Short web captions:
= Beginning of Section =

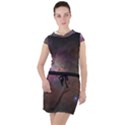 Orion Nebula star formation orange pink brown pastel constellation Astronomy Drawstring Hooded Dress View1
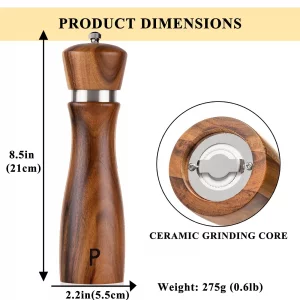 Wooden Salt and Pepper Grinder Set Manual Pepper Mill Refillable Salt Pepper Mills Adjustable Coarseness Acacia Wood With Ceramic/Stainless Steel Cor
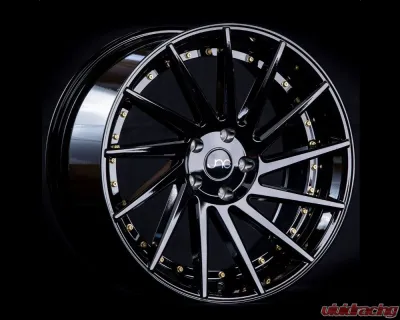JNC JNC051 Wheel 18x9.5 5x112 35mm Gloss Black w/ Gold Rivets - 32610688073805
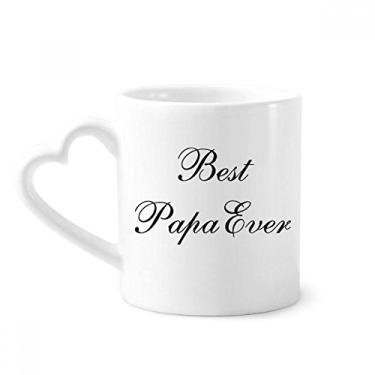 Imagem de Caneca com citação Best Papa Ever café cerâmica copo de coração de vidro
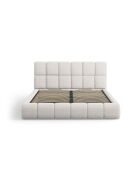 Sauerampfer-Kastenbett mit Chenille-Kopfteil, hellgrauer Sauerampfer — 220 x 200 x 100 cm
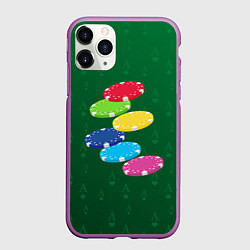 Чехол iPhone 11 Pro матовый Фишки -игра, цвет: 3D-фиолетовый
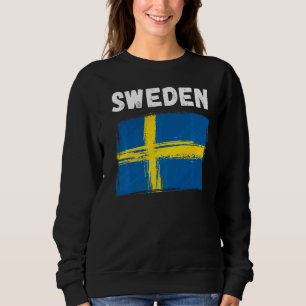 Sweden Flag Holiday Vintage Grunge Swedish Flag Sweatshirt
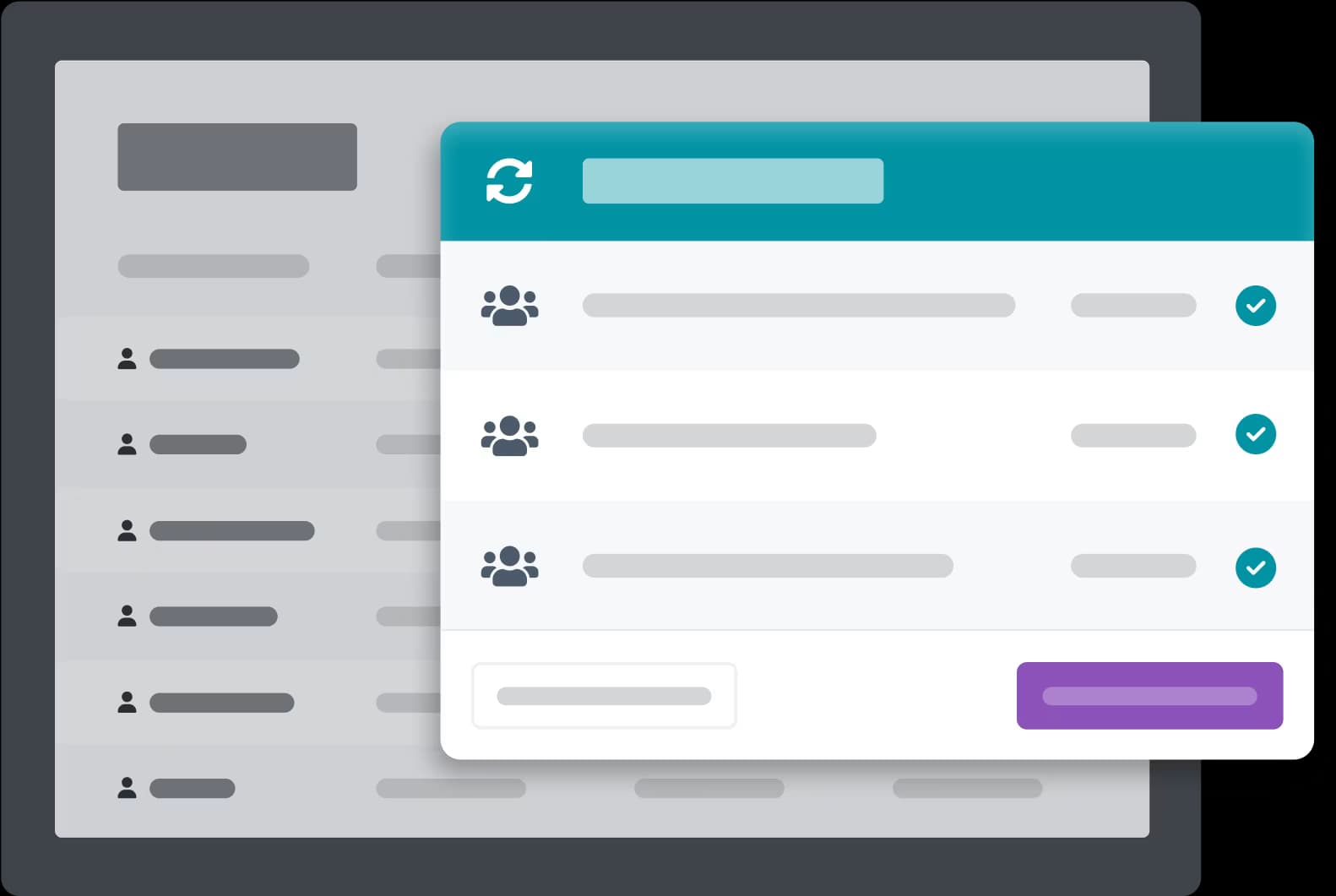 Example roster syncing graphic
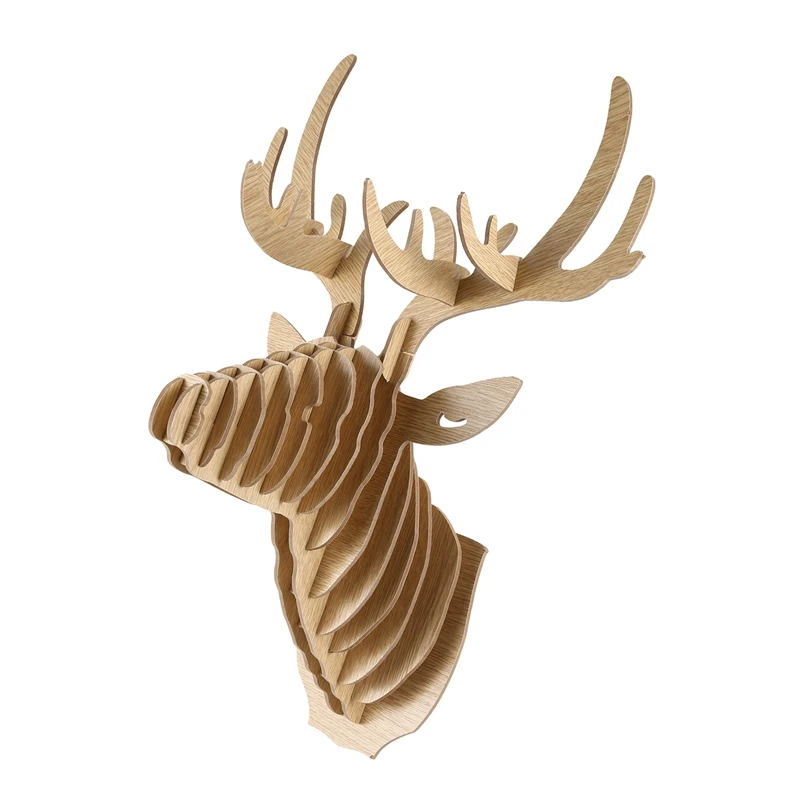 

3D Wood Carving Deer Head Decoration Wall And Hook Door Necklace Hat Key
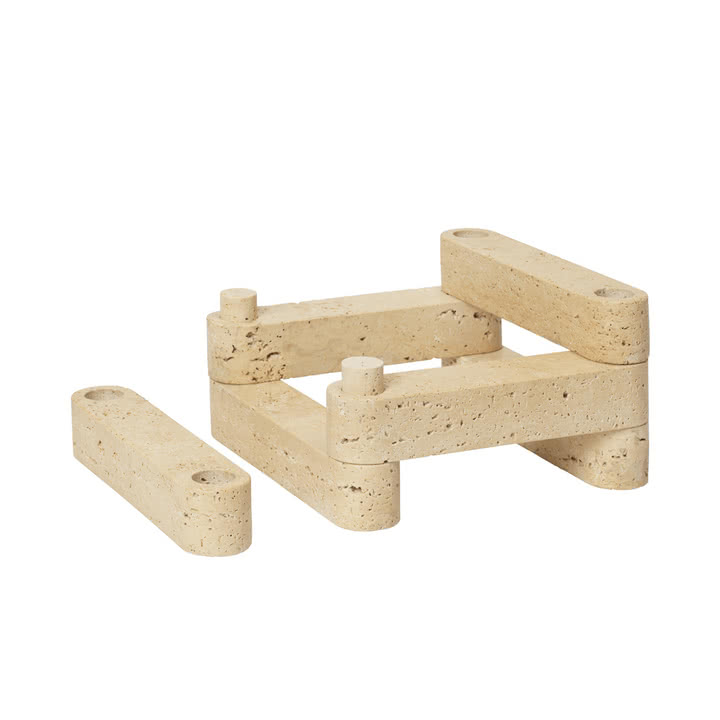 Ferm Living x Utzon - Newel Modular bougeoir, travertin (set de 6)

= End of Section =

Assigned task – The required output is a verbatim repetition of the lines from the opening of the entries above through the line containing "Imagem de Caneca", inclusive, with no pictures and nothing else.

Solution for this exercise –
 Orion Nebula star formation orange pink brown pastel constellation Astronomy Drawstring Hooded Dress View1
 Wooden Salt and Pepper Grinder Set Manual Pepper Mill Refillable Salt Pepper Mills Adjustable Coarseness Acacia Wood With Ceramic/Stainless Steel Cor
JNC JNC051 Wheel 18x9.5 5x112 35mm Gloss Black w/ Gold Rivets - 32610688073805
 Imagem de Caneca com citação Best Papa Ever café cerâmica copo de coração de vidro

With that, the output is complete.